[Cc to -support]

I think I've finished testing how to build rustc-1.19.0 (including
cargo).  This has all been done with DESTDIR installs, but the
results look ok and so I plan to do the following on my next build
(unless there are strong reasons not to), and to then put this in
the 8.1 book (provided firefox-55 builds and works ;-)

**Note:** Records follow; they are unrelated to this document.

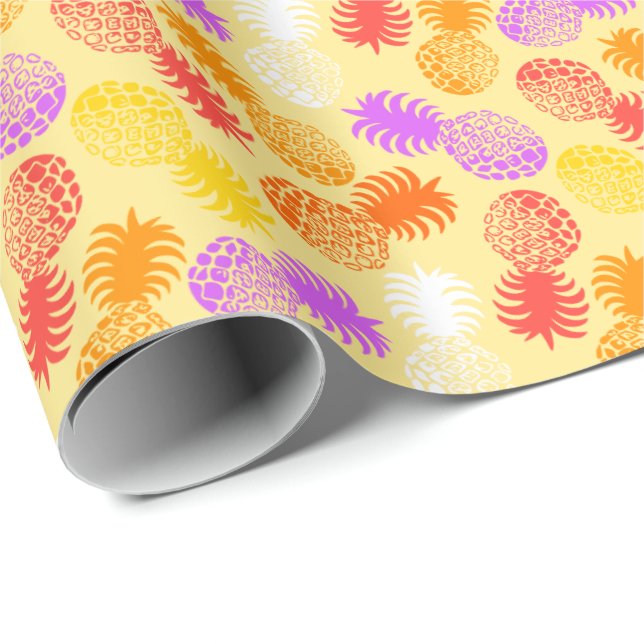 Papel De Regalo Piña tropical mona hawaiana (Esquina del rollo)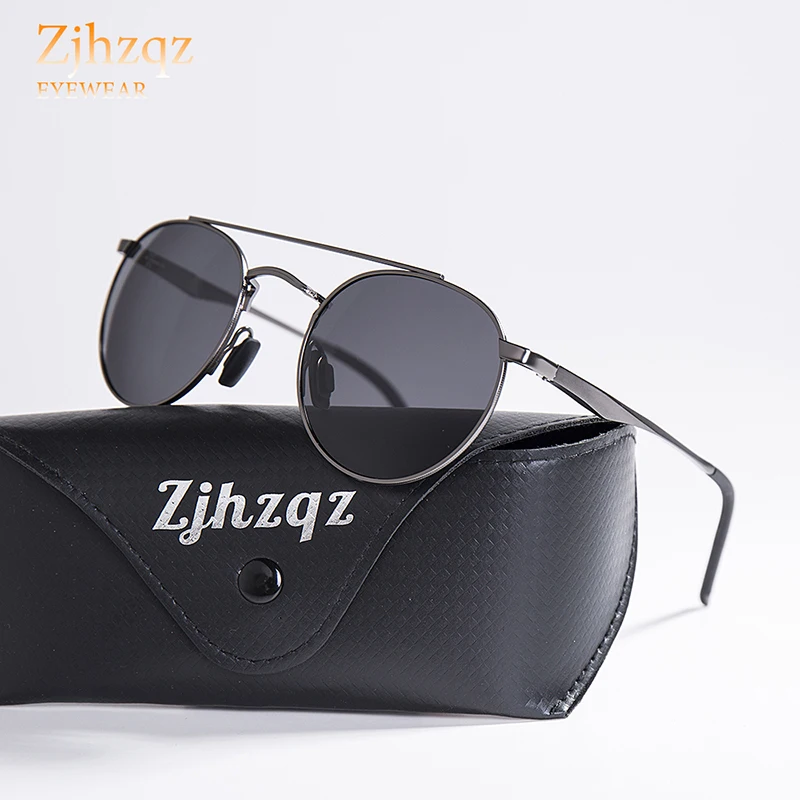 

Unisex Retro Aluminum Sunglasses Polarized Lens Vintage Eyewears Blue Silver Red Mirrors Sun Glasses For Men очки gafas Women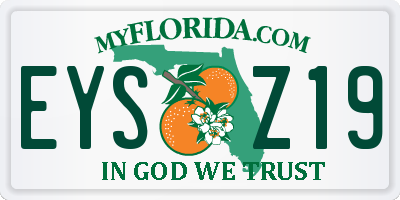 FL license plate EYSZ19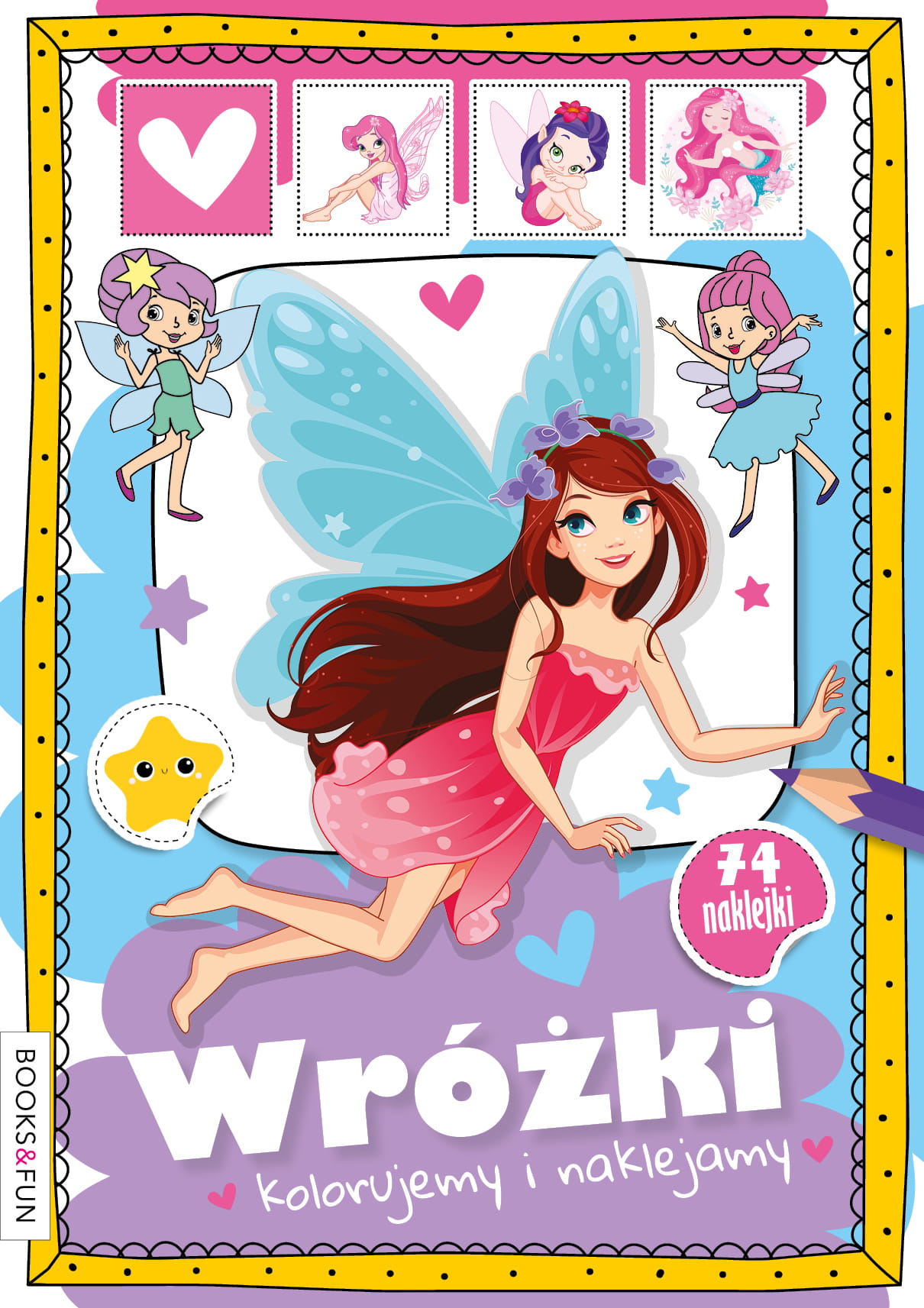 

Wróżki Kolorowanka Z Naklejkami 74 Naklejki 2798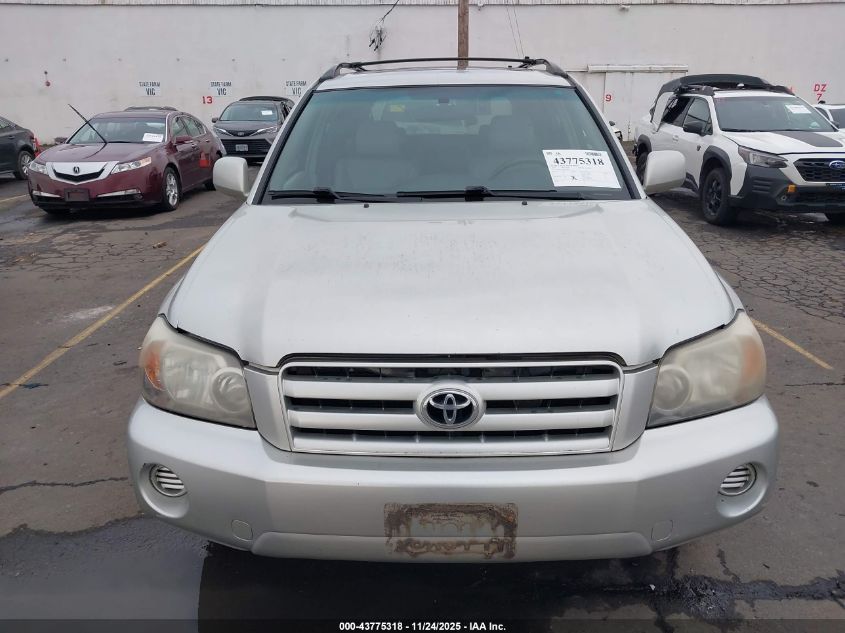 2007 Toyota Highlander V6 VIN: JTEEP21AX70218666 Lot: 43775318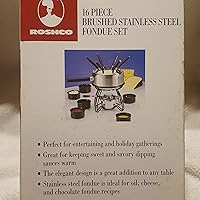 Vista 2 de Juego de fondue de acero inoxidable cepillado de 16 piezas por Roshco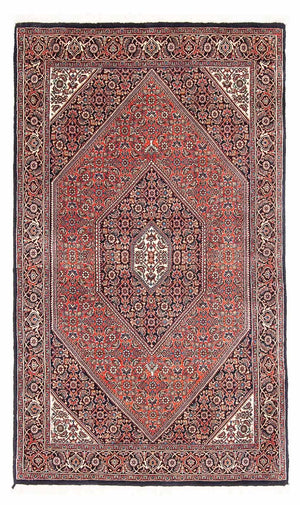 Alfombra de pasillo Alfombra persa - Bidjar - 178 x 107 cm - rojo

Instead of building llvm-3 in /opt (current rustc supports llvm-4,
but as soon as llvm-5 is out that will probably not be usable, at
least until 1.20 or maybe 1.21), with shared libs, use the shipped
version of LLVM in rust (no, I didn't look to try to see which
version that is), with its static libs which of course makes things
bigger.  And instead of using configure, put all the necessary
non-default options into config.toml.  That includes installing
cargo from the rustc build.  One of the options limits the target to
X86 (so, no use if you want to build for Aarch64, Mips, Powerpc,
SystemZ (IBM mainframes) or some other targets), but that is similar
to how the current build has been limited (/opt/llvm3 only builds
for x86_64, or for i686 if anybody has used it for that).

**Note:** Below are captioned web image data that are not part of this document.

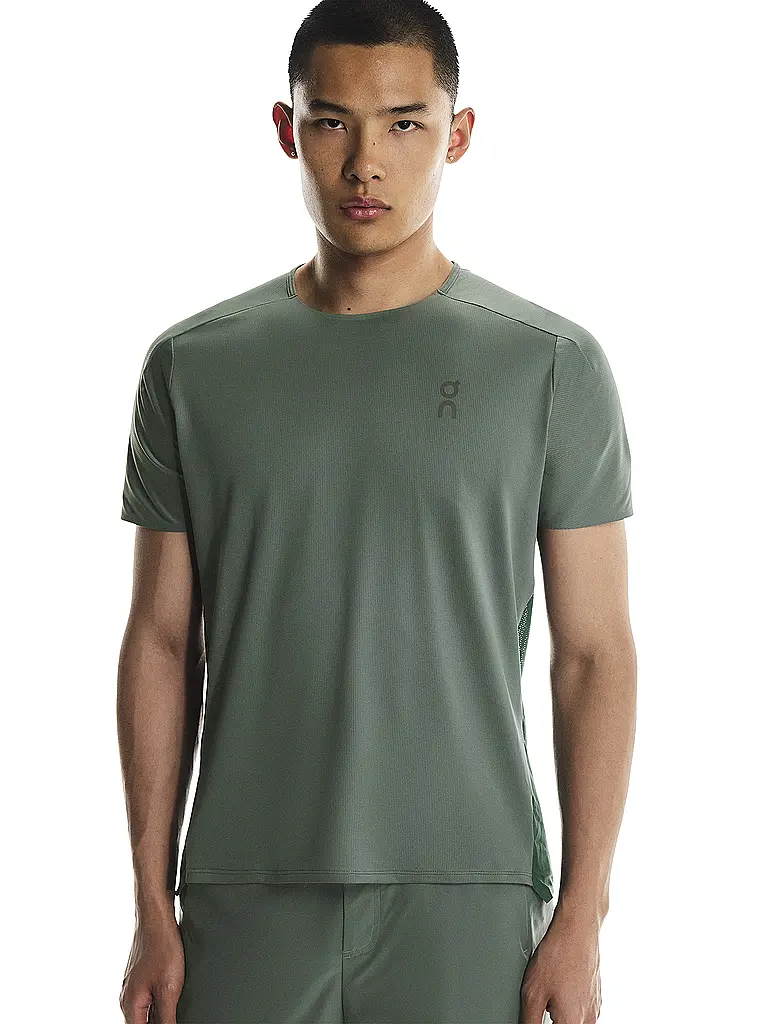 ON | Herren Laufshirt Performance-T | dunkelgrün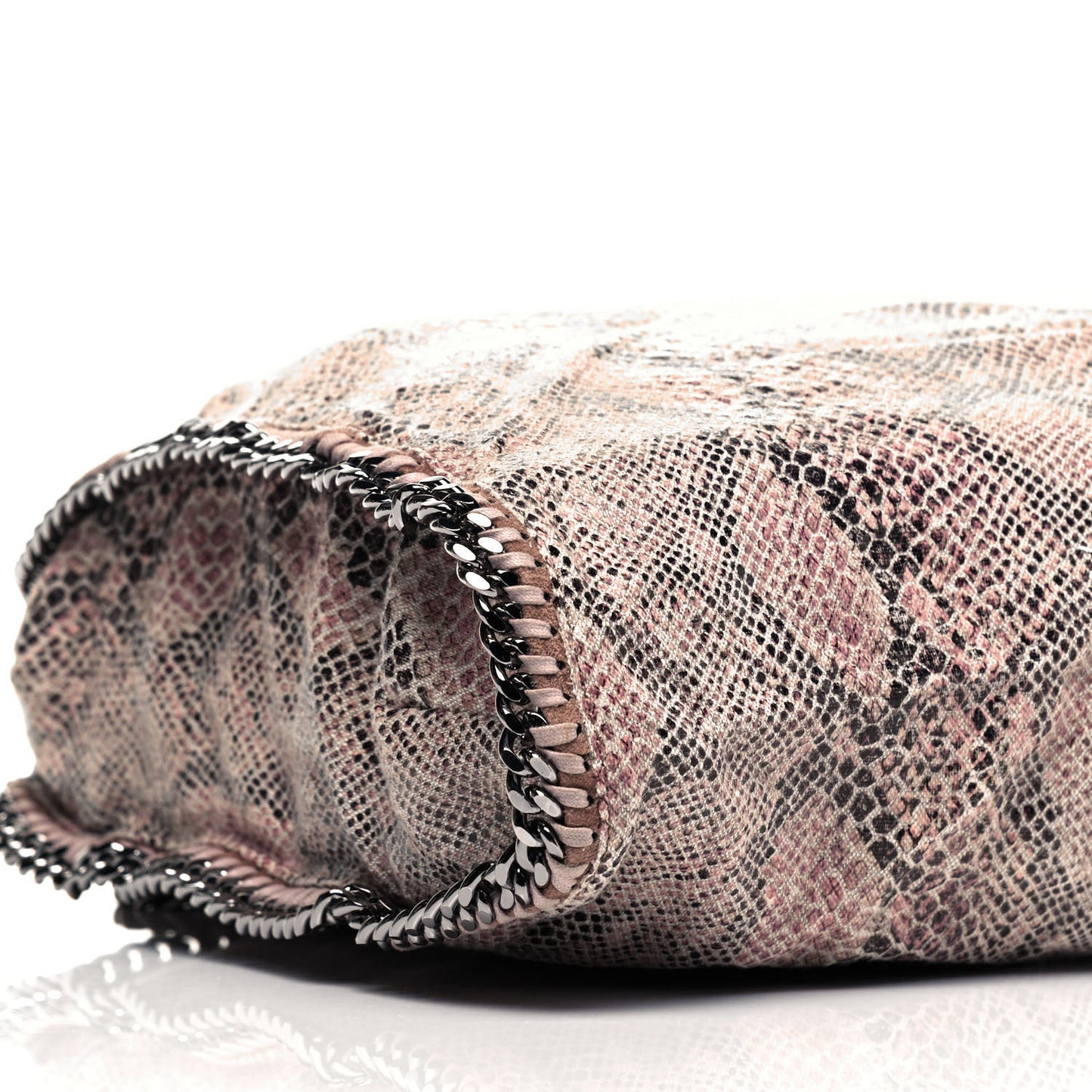 Eco Python Large Falabella Tote Camel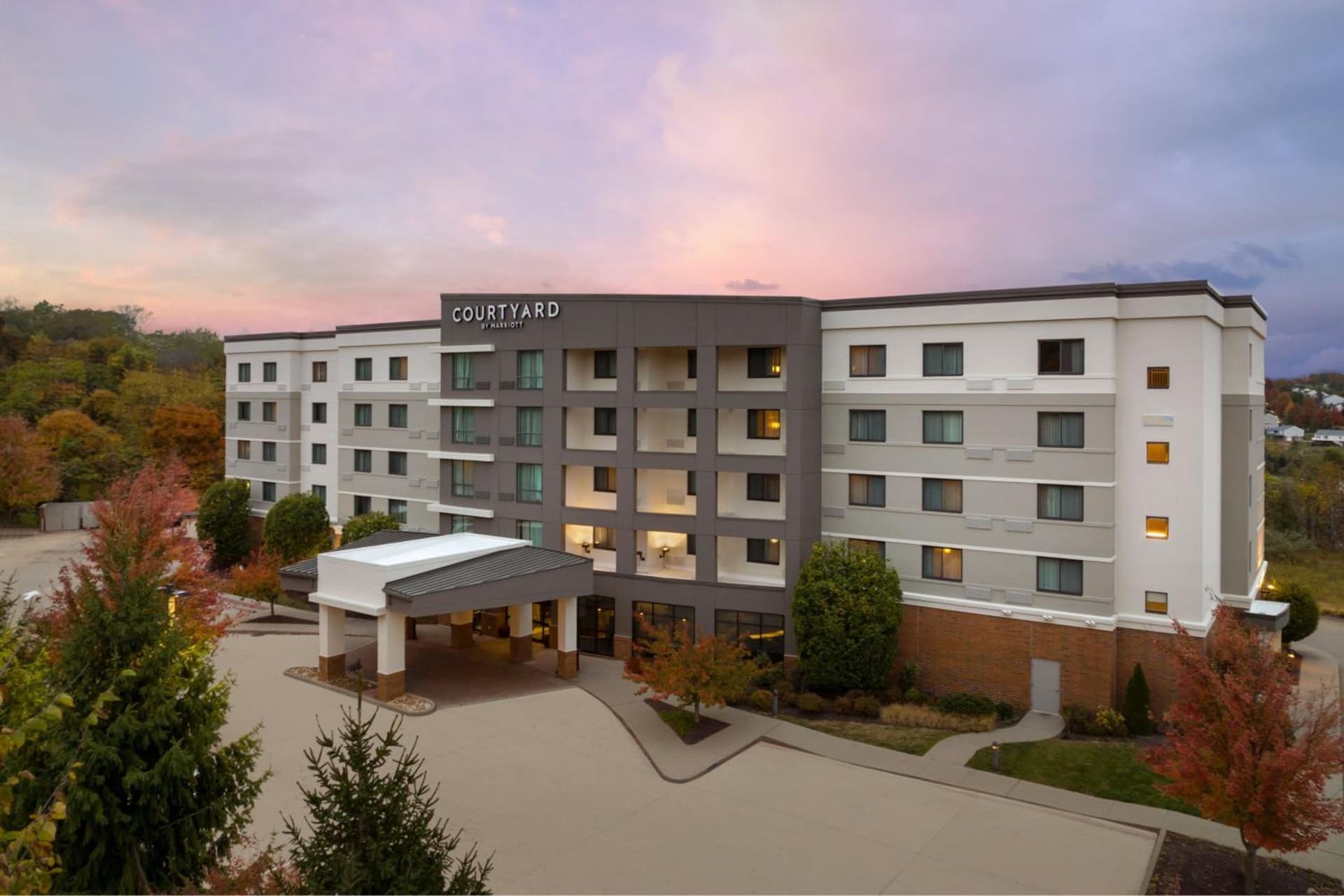 Courtyard by Marriott Pittsburgh Washington Meadow Lands featured exterior or lobby in Washington, PA — similar hotel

This change has one major benefit : the tests work (always a good
sign when bootstrapping a compiler).  With a gcc-7.1 system and LLVM
from /opt/llvm3/bin I had one test which burned CPU and looked as if
it would run forever, one failure because that didn't support a
thumbv6 target, and two other failures which looked slightly
worrying (no idea what wa wrong) - that was after I identified and
deleted the test that burned CPU.

On 8.1-rc2 the test results from a configure / opt/llvm3 build were
much worse, it seemed to be burning CPU in more than one test, and I
never managed to identify which tests were involved (it only reports
the test AFTER it decides if it passed or failed, and killing the
currnet rustc process (which was how I had identified the problem
test yeaterday) stopped the tests dead.  The builds with the shipped
LLVM both passed their testsuites.

In rustc-1.16.0, of ocurse, the selection of which tests were to be
run appeared to be random - I think they've fixed that, the log from
my completed testsuites all show a total of 14029 tests to be run
(or 14028 when I removed that CPU-burning test).  Similarly, the gdb
tests failed without gdb, but some still failed even when it was
present.  I thought I didn't have gdb on yesterday's builds, but the
system was old, maybe I had installed it and forgotten - if its
omission does lead to failures, I'll find out on my next system ;)

Further details in
http://wiki.linuxfromscratch.org/blfs/ticket/9652, please speak up
if you do not think this is a good way to proceed.

ĸen
-- 
Truth, in front of her huge walk-in wardrobe, selected black leather
boots with stiletto heels for such a barefaced truth.